Tabare Bordach emtb@adinet.com.uy has sent his information based on documents stored at Railway Museum - Railway Studies Circle of Uruguay (CEFU)

In 1860 a project was launched to build a rail or tram way from Montevideo to Durazno, known as "Ferrocarril a Durazno", but the scheme failed on the grounds that it would interfere with an existing road and because the promoters had no connection with public men of Government.

Other proposals were subsequently mooted, but it was not until 1865 that Mr. Senen Maria Rodriguez obtained permission to build a railway from Montevideo to Durazno via Las Piedras, Canelones and Florida. Largely by reason of the persistence of Senen Rodriguez —a leading Spanishman and a member of a respected Montevideo family - the scheme was brought to fruition, and by a decree dated on October 10, 1866, the "Ferrocarril Central" came into existence.

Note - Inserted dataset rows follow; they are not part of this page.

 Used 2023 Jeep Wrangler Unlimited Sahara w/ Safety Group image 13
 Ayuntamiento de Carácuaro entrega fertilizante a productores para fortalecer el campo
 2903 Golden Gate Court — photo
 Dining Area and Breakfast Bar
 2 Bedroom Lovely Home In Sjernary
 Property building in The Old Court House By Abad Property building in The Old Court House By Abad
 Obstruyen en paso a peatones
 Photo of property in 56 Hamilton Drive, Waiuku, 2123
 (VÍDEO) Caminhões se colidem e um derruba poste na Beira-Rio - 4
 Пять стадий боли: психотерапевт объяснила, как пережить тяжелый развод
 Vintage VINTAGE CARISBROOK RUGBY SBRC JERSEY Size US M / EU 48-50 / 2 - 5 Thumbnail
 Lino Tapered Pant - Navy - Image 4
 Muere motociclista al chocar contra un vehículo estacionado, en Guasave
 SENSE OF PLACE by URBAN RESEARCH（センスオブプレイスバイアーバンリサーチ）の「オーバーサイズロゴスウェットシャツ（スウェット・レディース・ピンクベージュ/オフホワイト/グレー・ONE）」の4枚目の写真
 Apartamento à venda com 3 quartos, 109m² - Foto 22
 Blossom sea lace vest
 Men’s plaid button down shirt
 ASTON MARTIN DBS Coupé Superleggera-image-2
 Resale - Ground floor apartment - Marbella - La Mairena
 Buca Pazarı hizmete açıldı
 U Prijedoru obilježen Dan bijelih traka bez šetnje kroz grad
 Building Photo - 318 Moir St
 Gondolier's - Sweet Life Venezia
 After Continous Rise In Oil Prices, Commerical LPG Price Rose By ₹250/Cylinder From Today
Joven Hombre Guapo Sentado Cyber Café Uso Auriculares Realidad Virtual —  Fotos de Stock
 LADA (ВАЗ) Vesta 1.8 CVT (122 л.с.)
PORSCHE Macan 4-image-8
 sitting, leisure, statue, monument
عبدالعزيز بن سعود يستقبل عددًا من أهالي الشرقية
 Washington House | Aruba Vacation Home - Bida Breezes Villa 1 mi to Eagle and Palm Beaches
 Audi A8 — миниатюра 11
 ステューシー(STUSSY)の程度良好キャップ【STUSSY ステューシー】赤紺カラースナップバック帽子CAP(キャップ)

The route between Montevideo and Durazno crossed a number of rivers and, as the money available did not permit expensive earthworks, the line had to end at Las Piedras.

On October 4, 1868, the Directors arranged an inaugural trip. The President of Uruguay, Gral. Lorenzo Batlle, arrived at Bella Vista at eleven on that morning, and shortly afterwards a train consisting of three carriages, drawn by locomotive Nş 1 named "General Flores", left Bella Vista for La Paz River, about 2½ miles before Las Piedras. The line was not completed until the 22nd. of that month, reaching Las Piedras. The Directors decided to open the line formally on January 1, 1869. That morning the train arrived at Las Piedras, and there was a display of fireworks. The first railway in Uruguay was brought into public use on that day.

When completed, the railway consisted of 10 miles 4 furlongs of standard gauge single line. Gradients were not numerous, the sharpest being 1 in 60. There was also two curves, having a radius of 20 chains. Two small bridges were necessary; the arches of which were brick on stone or masonry abutments. In addition, a number of culverts were erected. Stations were built at Bella Vista, Pantanoso (now Colon) and Las Piedras.

The operation of the railway was not a complicated matter, in that, no telegraph was necessary, and single-section was worked by time interval system for many months. The time taken for the journey of 10½ miles was 42 or 44 minutes. The line was worked with two engines, The "General Flores" and the "Montevideo", which were built by Manning Wardle & Co. They were of the 0-6-0 saddle tank type, with 3ft. 6in. wheels, 11in. by 17in. cylinders, 120 lb. pressure and a weight in running order of 16½ Tons. Apart from minor troubles and the outset of their careers, these two coal burning engines rendered good service. Nş 1 and Nş 2 were scrapped by 1905, but one sister loco is in existence: Nş 3 preserved in working order by the CEFU. The coaching stock was of British design (Ashbury Co., of Manchester), and comprised eight 4-wheel carriages. They had an average tare weight of 7 or 8 Tons. Ten tarpaulin, eight pick-up and four covered completed the list of rolling stock.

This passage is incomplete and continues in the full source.